Aus dem Französischen von Linde Birk

Atlantik

1

Im Hauseingang, der so kalt und feucht wie ein Keller war, blieb der Kommissar kurz stehen und sah auf die Armbanduhr. Er klopfte seinen Mantel aus, das Schneewasser spritzte auf die Steinfliesen und breitete sich dort aus wie auf Löschpapier. Es war fünf Minuten nach elf.

Das erste Mal hatte er sich um halb zehn hier gemeldet; die noch junge, beinah hübsche Concierge, die sich in ihrer gemütlichen Loge zu schaffen machte, hatte sich weder durch seinen Polizeiausweis noch durch sein höfliches Benehmen beeindrucken lassen und war ihm ziemlich mürrisch begegnet.

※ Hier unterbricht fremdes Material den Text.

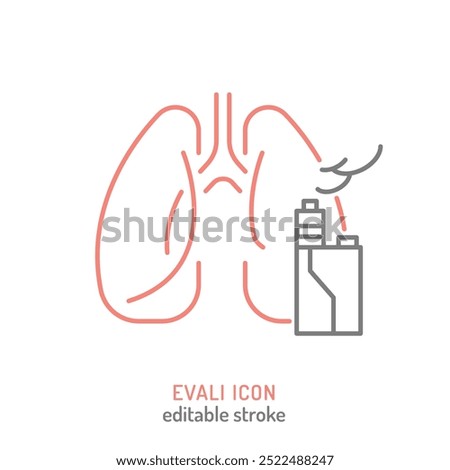EVALI icon. E-cigarette or Vaping Associated Lung Injury outline sign. vaping-related disease symbol. Medical pictogram linear style. Editable vector illustration isolated on a white background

»Sie wollen die junge Dame doch wohl nicht verhaften?«

»Nein, nein, natürlich nicht.«

»Dann kommen Sie wohl, weil man ihr Auto wieder irgendwo gefunden hat?«

»Ganz und gar nicht. Ich bin nicht einmal ganz offiziell hier. Aber Mademoiselle Émel könnte mir vielleicht eine Auskunft geben, mir möglicherweise sogar helfen …«

Ohne ihren dröhnenden Staubsauger abzustellen, hatte ihm die Concierge einen spöttischen Blick zugeworfen.

»Wenn Sie etwas von ihr wollen, würde ich sie lieber nicht um diese Uhrzeit stören. Vor elf steht sie nie auf, gewöhnlich wird es sogar zwei oder drei Uhr nachmittags …«

Dies war also sein zweiter Besuch, und bevor er weiterging, fegte er die dicken, schmutzigen Wassertropfen von seinem Hut, setzte ihn dann wieder auf den Kopf und stampfte abwechselnd mit den Füßen, um den schmelzenden Schnee loszuwerden, der auf dem Boden eine große Pfütze bildete. Die Concierge, die über ihrem schwarzen Kleid eine weiße Schürze trug, schaute ihm durch die Glastür gleichgültig zu, ohne ihn zu ermuntern oder ihn davon abzubringen.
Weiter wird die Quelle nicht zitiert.